▶ [TASK STATEMENT]: Copy the listing in full and exactly, omitting its images.

▶ [GIVEN RECORDS]:
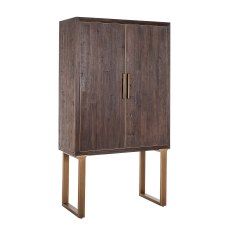 Cromford Mill Brushed Gold 2 Door Wall Cabinet Cromford Mill Brushed Gold 2 Door Wall Cabinet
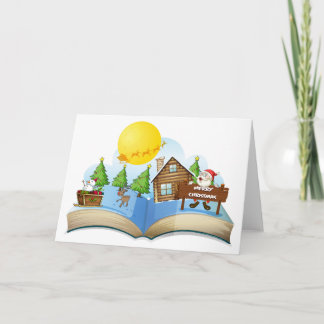 Chirstmas book holiday card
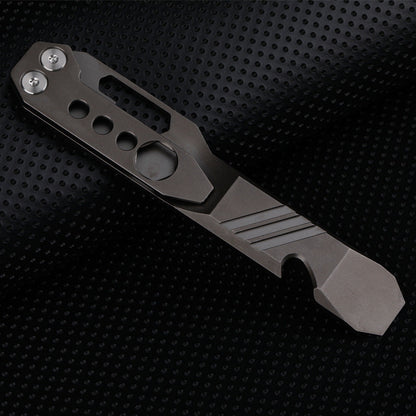TC4 Lega di Titanio Apribottiglie Utensile Multifunzione Portatile EDC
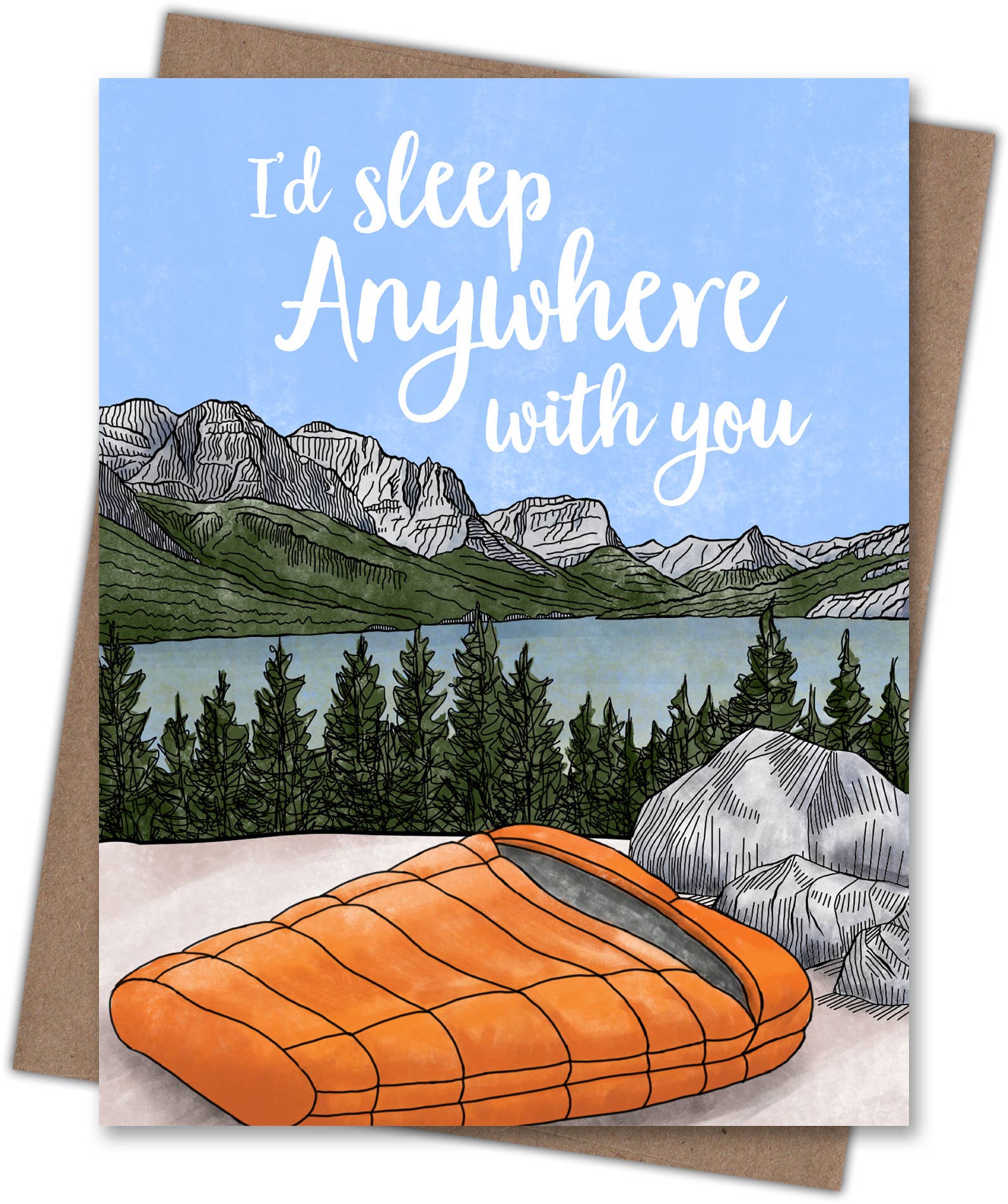 Waterknot - Wholesale Love Card - Sleep Anywhere Card1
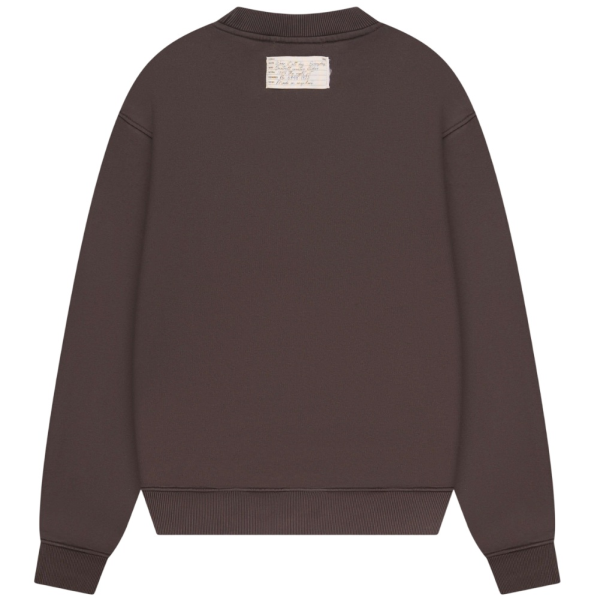Quotrell Blank Pullover Braun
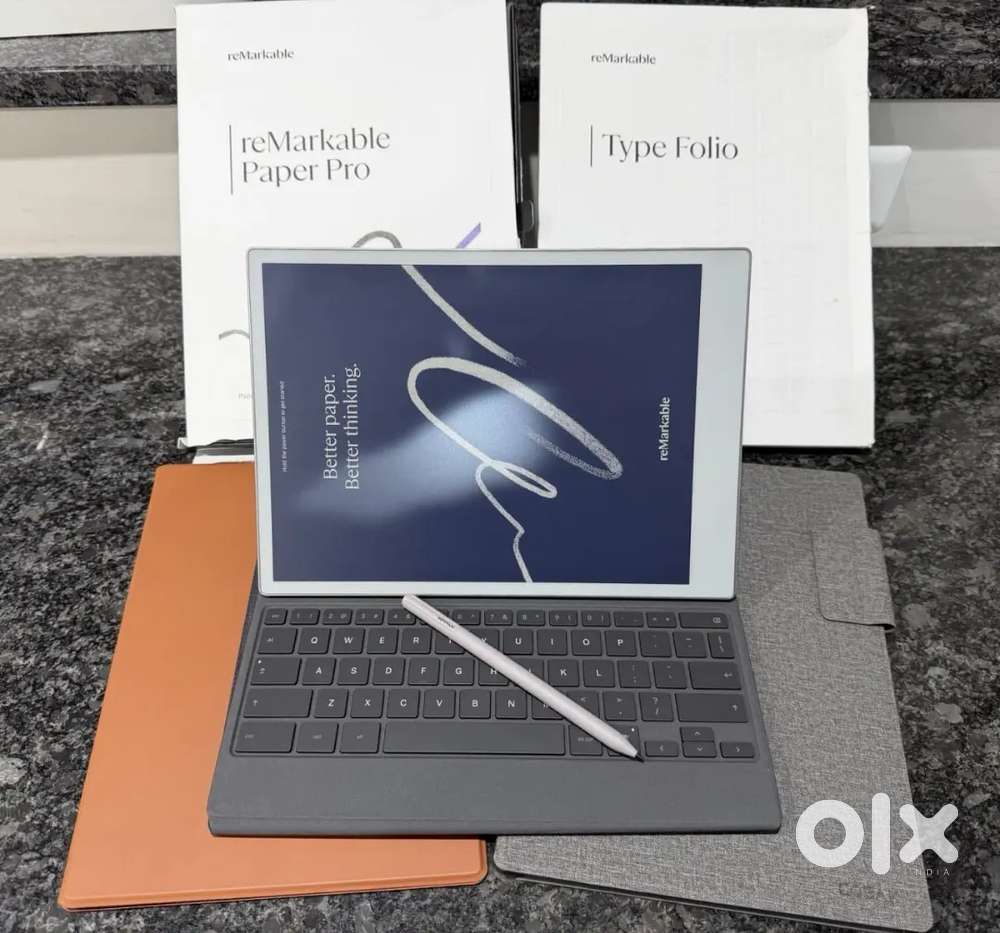 reMarkable Paper Pro 11.8 W Type Folio Keyboard Marker Plus Pen Eraser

▶ [ANSWER SPACE]:
 Cromford Mill Brushed Gold 2 Door Wall Cabinet Cromford Mill Brushed Gold 2 Door Wall Cabinet
 Chirstmas book holiday card
TC4 Lega di Titanio Apribottiglie Utensile Multifunzione Portatile EDC
 Waterknot - Wholesale Love Card - Sleep Anywhere Card1
Quotrell Blank Pullover Braun
 reMarkable Paper Pro 11.8 W Type Folio Keyboard Marker Plus Pen Eraser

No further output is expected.